— DIRECTIONS —
Take the entries below and write them out exactly, with each picture removed.
── RECORD EXCERPTS
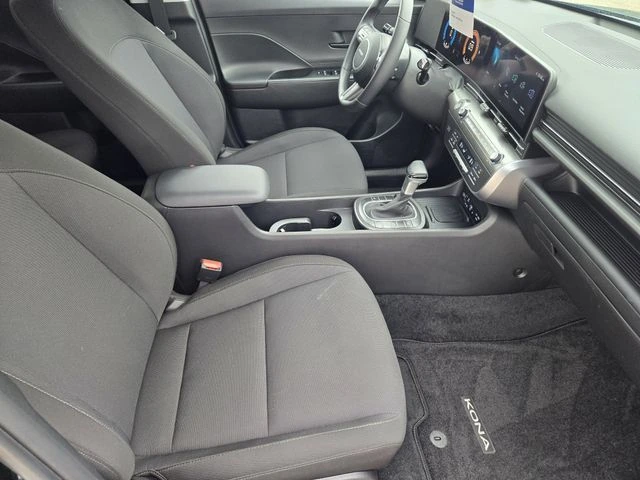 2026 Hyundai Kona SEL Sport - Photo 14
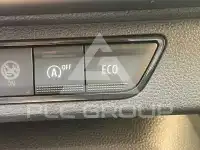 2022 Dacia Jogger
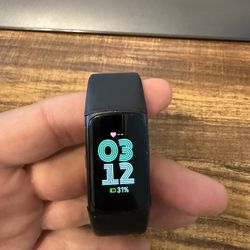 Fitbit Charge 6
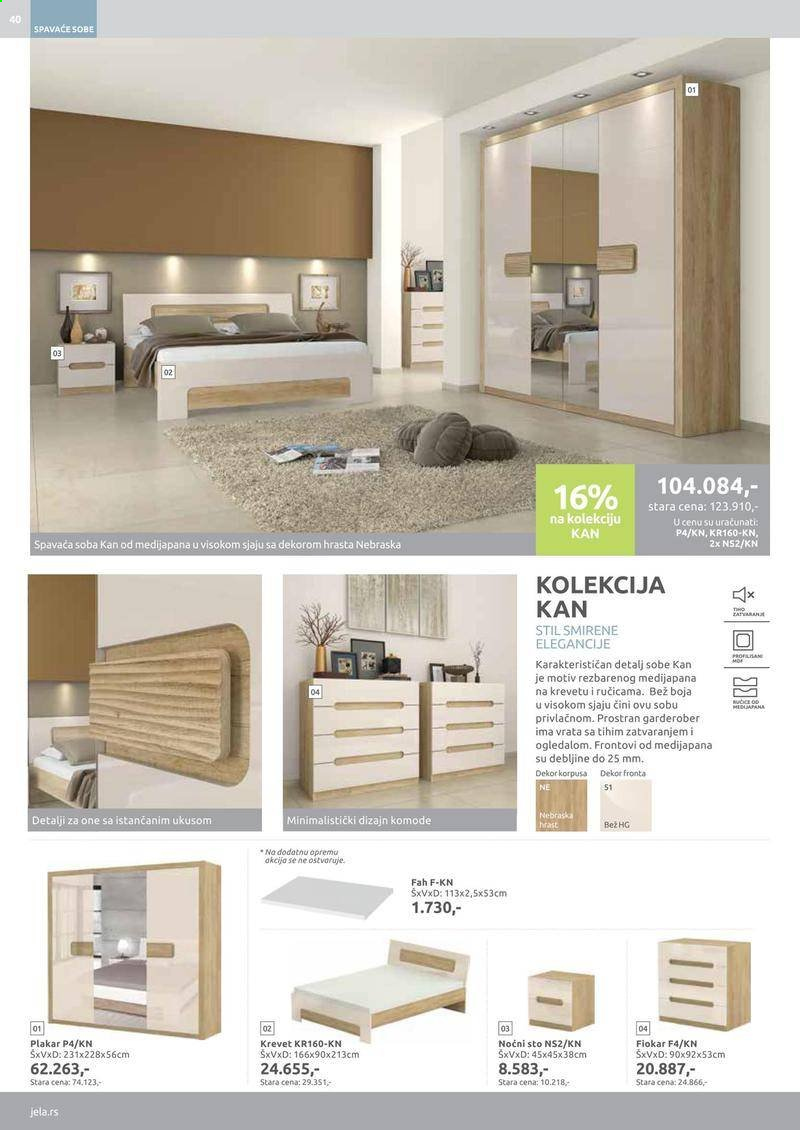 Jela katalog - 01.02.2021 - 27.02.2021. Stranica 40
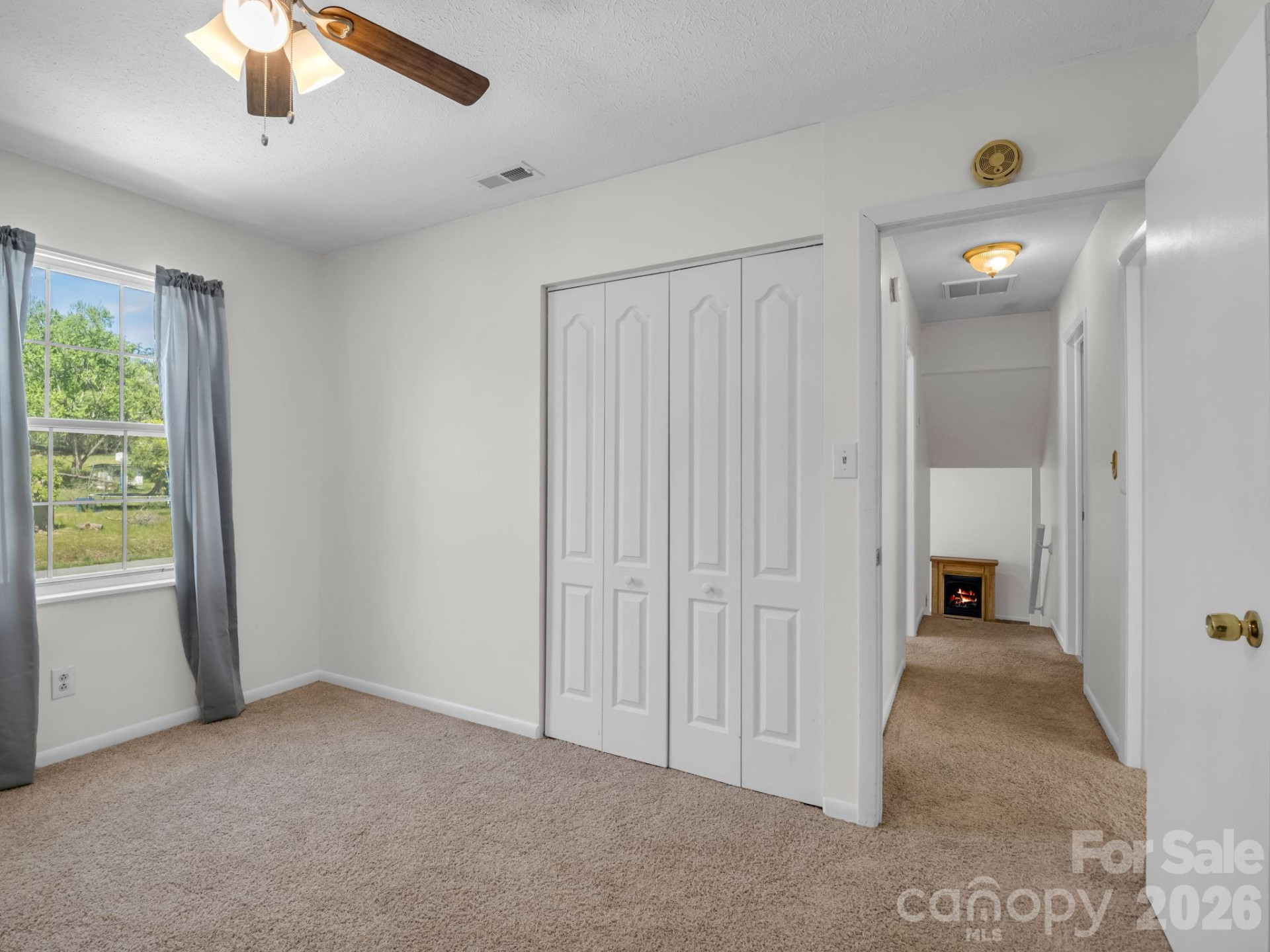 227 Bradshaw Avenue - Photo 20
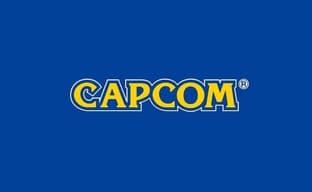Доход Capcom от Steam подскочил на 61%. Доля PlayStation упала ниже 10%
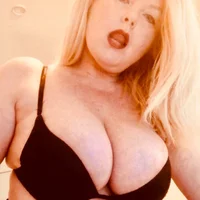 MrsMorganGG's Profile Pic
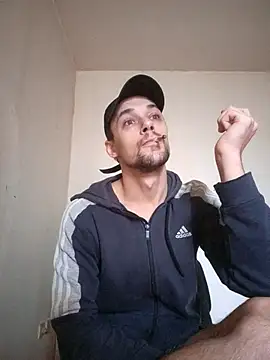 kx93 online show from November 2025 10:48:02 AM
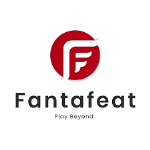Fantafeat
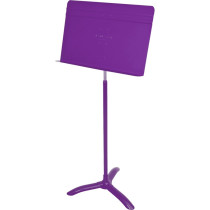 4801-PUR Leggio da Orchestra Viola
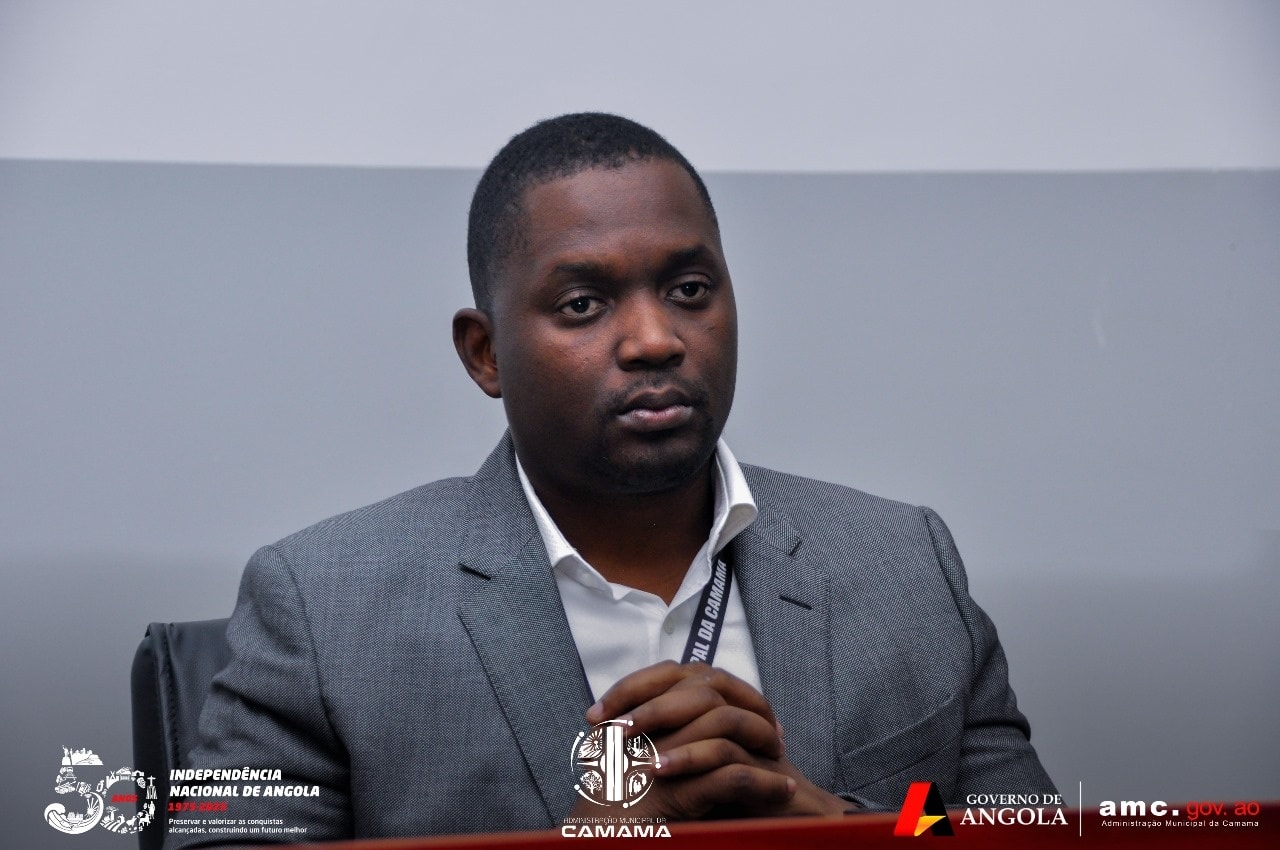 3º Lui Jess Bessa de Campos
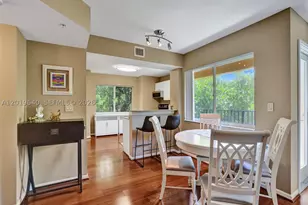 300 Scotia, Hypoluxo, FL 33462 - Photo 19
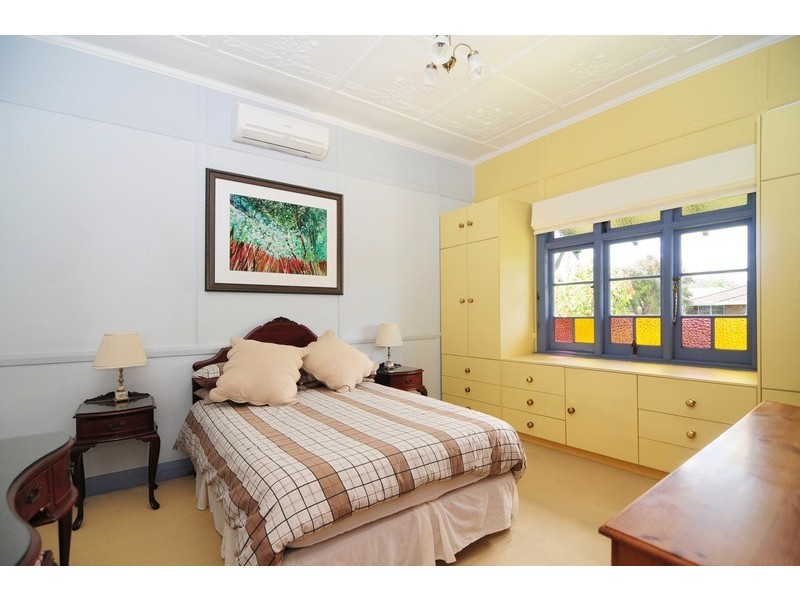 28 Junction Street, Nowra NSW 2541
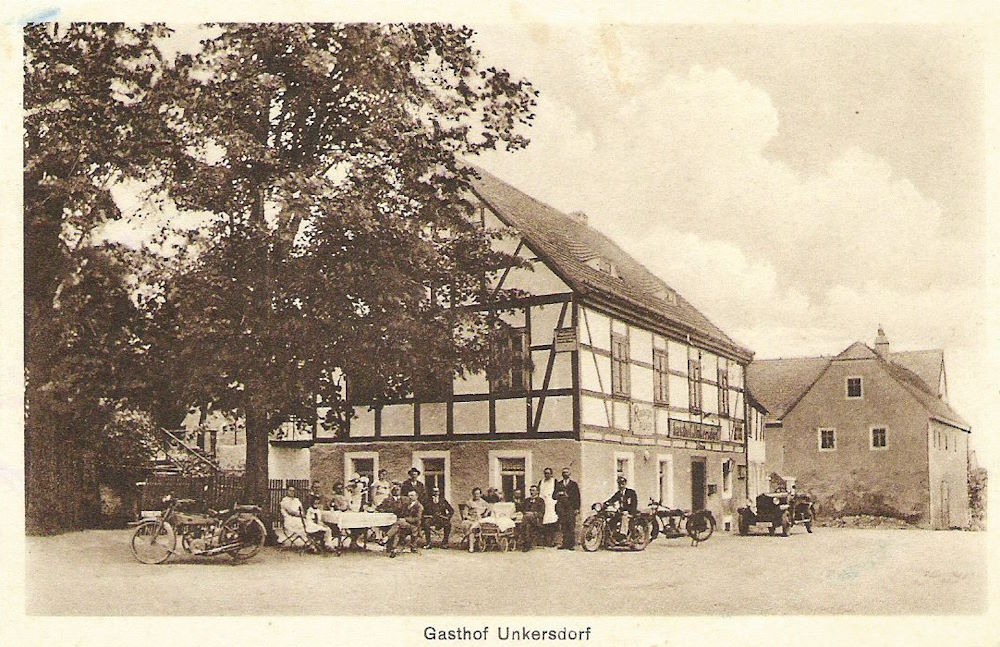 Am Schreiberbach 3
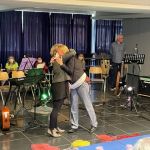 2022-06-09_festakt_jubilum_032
────
— SOLUTION TO THE PROBLEM —
 2026 Hyundai Kona SEL Sport - Photo 14
 2022 Dacia Jogger
 Fitbit Charge 6
 Jela katalog - 01.02.2021 - 27.02.2021. Stranica 40
 227 Bradshaw Avenue - Photo 20
Доход Capcom от Steam подскочил на 61%. Доля PlayStation упала ниже 10%
 MrsMorganGG's Profile Pic
 kx93 online show from November 2025 10:48:02 AM
Fantafeat
 4801-PUR Leggio da Orchestra Viola
 3º Lui Jess Bessa de Campos
 300 Scotia, Hypoluxo, FL 33462 - Photo 19
 28 Junction Street, Nowra NSW 2541
 Am Schreiberbach 3
 2022-06-09_festakt_jubilum_032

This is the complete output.